Worsening LA-LB port congestion delays recovery until March
Congestion at the Los Angeles-Long Beach port complex is worsening, having bled into intermodal rail operations and drayage to regional warehouses, pushing back expectations for relief to no sooner than March.
“We still remain in peak situation. We are expecting relief around the third week of February,” Gene Seroka, executive director of the Port of Los Angeles quoted as saying last week. December was a big month for the ports, with imports increasing 21.6 percent in Los Angeles and 7.9 per cent in Long Beach, according to port statistics.
Rather than dissipating with the onset of the Lunar New Year as anticipated, port sources are now projecting congestion will remain for about two more weeks. Truckers, who are finding it increasingly difficult to secure appointments at the marine terminals and deliver inbound containers to severely impacted import distribution centers, are suffering collateral damage because of mounting storage charges.
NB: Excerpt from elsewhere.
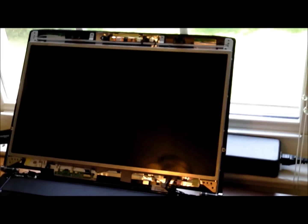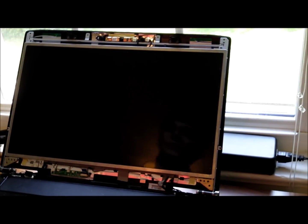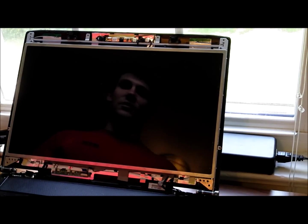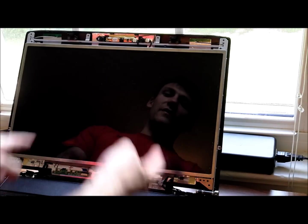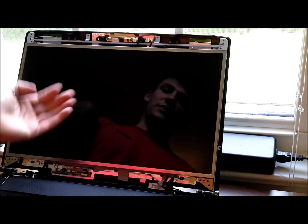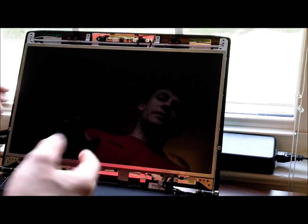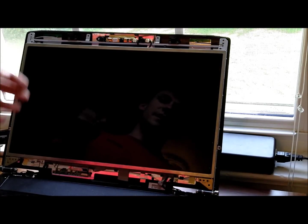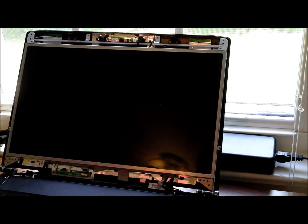And unfortunately that was not what was causing the issue on this laptop, or is not what is causing the issue. The other side of that cable actually goes to the back of the LCD. So we're going to need to take off the LCD to get to it so we can reaffix that cable.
S Korean shipbuilders protest planned price hikes in thick plates
Shipbuilders are protesting a move by steelmakers to increase their prices of thick steel plates, claiming the hike will worsen their profitability at a time when they are still struggling with sluggish global demand, according to company officials report last week.
The two groups have engaged in an intense tug-of-war on the steel price hike since December, but have yet to reach an agreement. The nation’s leading steel companies, POSCO, Hyundai Steel and Dongkuk Steel, have been moving to increase the price of shipbuilding plates by about 50,000 won ($45) per ton in the first half of the year.